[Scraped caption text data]
*** Begin section ***

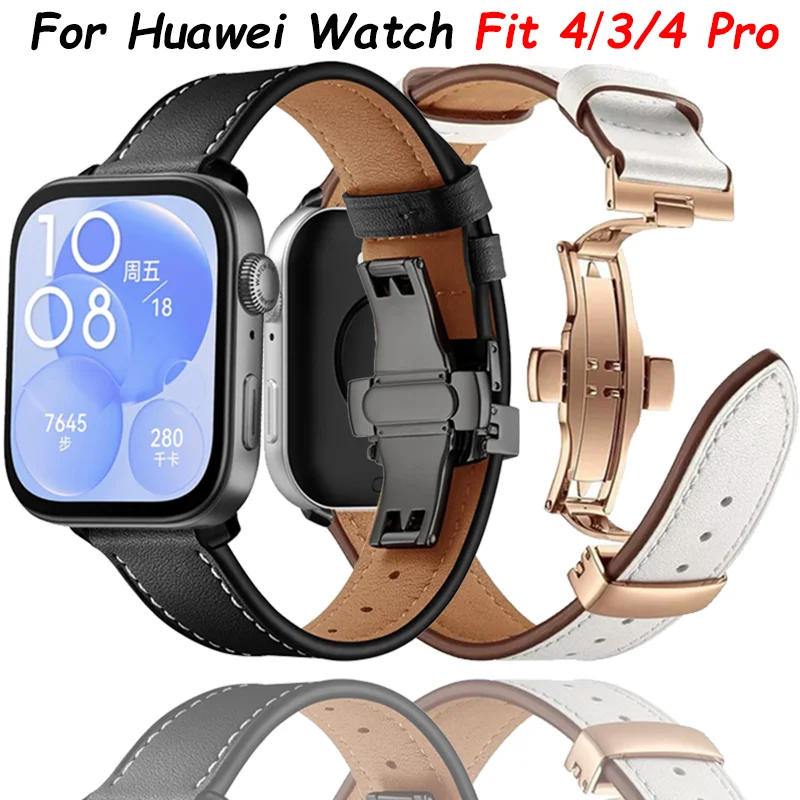 

Ремешок из натуральной кожи для Huawei Watch Fit 4/4 Pro, классический деловой стиль, сменный дышащий браслет для Huawei Watch Fit 3 Correa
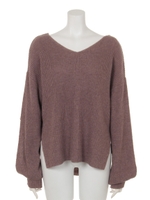 スリットスリーブ畦ニットチュニック/ピンク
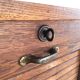 Vintage curtain binder in solid brown oak year 50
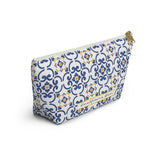Amalfi Coast Ceramic Tiles Accessory Pouch w T-bottom - AMALFITANA STORE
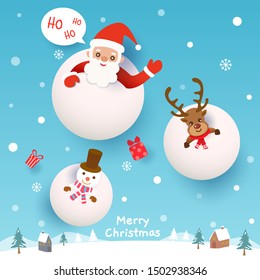Vector of Merry Christmas with santa claus,reindeer and snowman in the snow on snowy on town background.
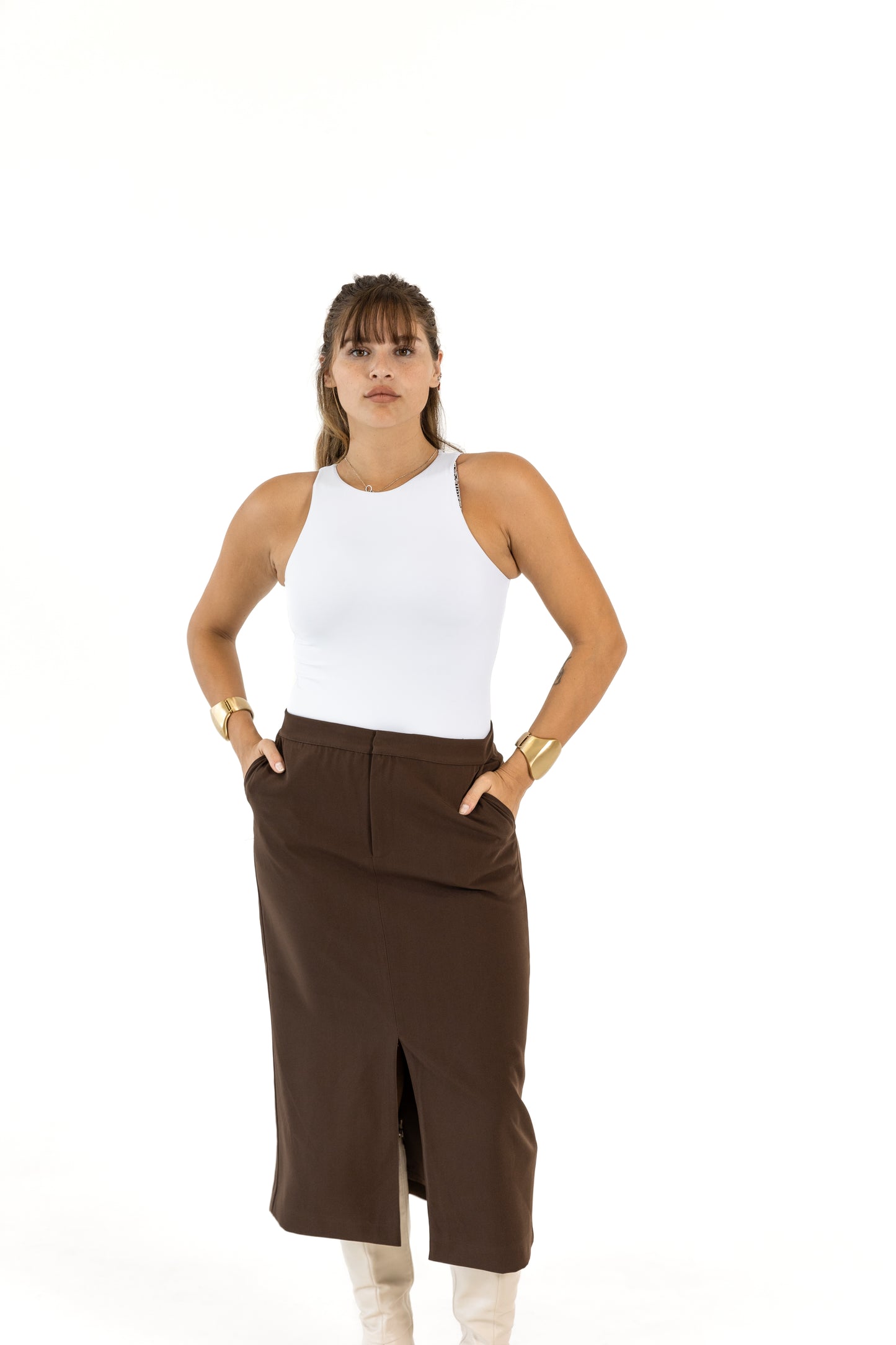 Efe Midi Skirt with Front Slit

*** End section ***

Take the line containing "Amalfi Coast Ceramic" as the first and the last line of the records as the end. Print every line in that span exactly, leaving out pictures.

> Output for this task:
Amalfi Coast Ceramic Tiles Accessory Pouch w T-bottom - AMALFITANA STORE
Vector of Merry Christmas with santa claus,reindeer and snowman in the snow on snowy on town background.
 Efe Midi Skirt with Front Slit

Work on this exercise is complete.